[ACTIVITY]:
Range to output from the entries below: the line containing "8 Pcs Ceramic" through the line containing "Arctic White, RVG1080WH". Set it down exactly, ends included, nothing else.

[DATASET ENTRIES]:

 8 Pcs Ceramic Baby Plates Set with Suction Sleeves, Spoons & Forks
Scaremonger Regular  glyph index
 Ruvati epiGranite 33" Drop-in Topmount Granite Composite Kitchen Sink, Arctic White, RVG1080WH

--

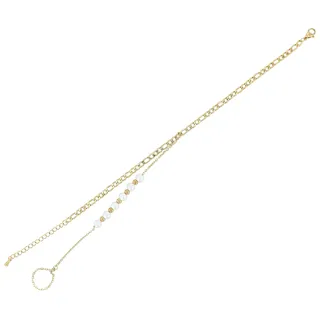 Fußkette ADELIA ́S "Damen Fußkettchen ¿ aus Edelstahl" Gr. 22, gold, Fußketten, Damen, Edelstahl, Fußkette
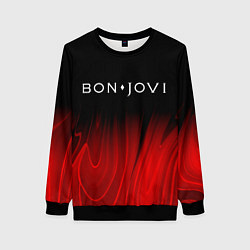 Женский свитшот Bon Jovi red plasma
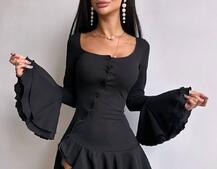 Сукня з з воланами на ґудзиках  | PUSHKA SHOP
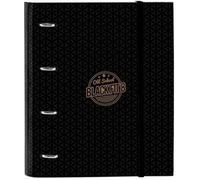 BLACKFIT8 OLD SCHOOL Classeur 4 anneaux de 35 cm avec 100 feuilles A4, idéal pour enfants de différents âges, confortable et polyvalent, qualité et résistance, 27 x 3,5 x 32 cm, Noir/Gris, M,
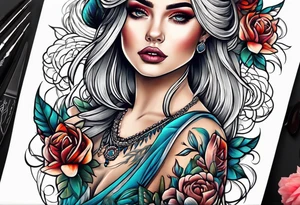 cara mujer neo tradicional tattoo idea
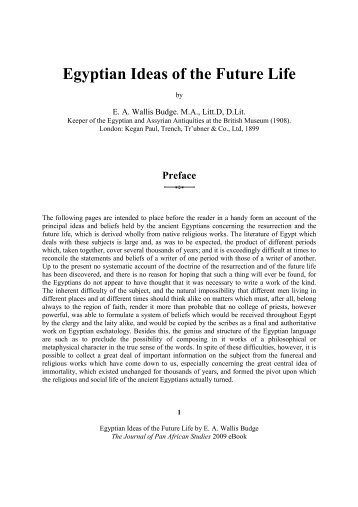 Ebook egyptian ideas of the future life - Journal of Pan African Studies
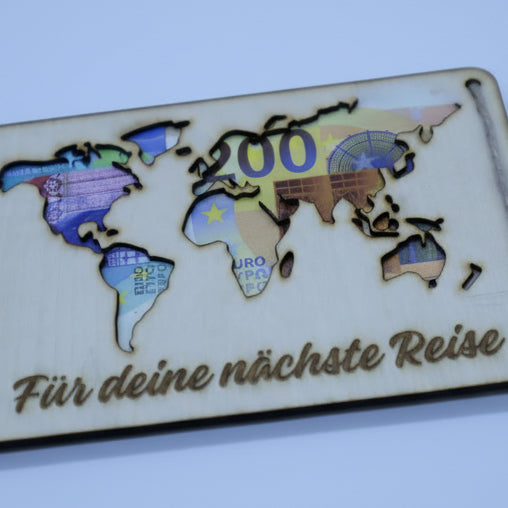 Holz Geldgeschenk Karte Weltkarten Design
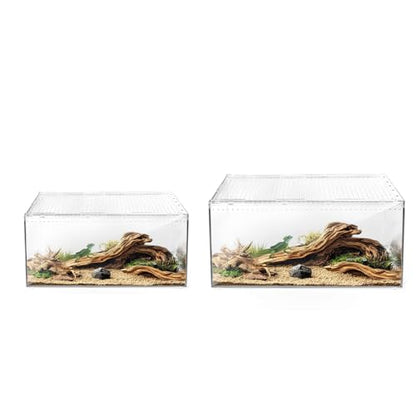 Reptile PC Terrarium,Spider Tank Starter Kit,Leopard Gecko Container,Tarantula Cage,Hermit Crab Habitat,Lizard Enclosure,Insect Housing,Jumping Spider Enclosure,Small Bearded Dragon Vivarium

[ANSWER]:
 8 Pcs Ceramic Baby Plates Set with Suction Sleeves, Spoons & Forks
Scaremonger Regular  glyph index
 Ruvati epiGranite 33" Drop-in Topmount Granite Composite Kitchen Sink, Arctic White, RVG1080WH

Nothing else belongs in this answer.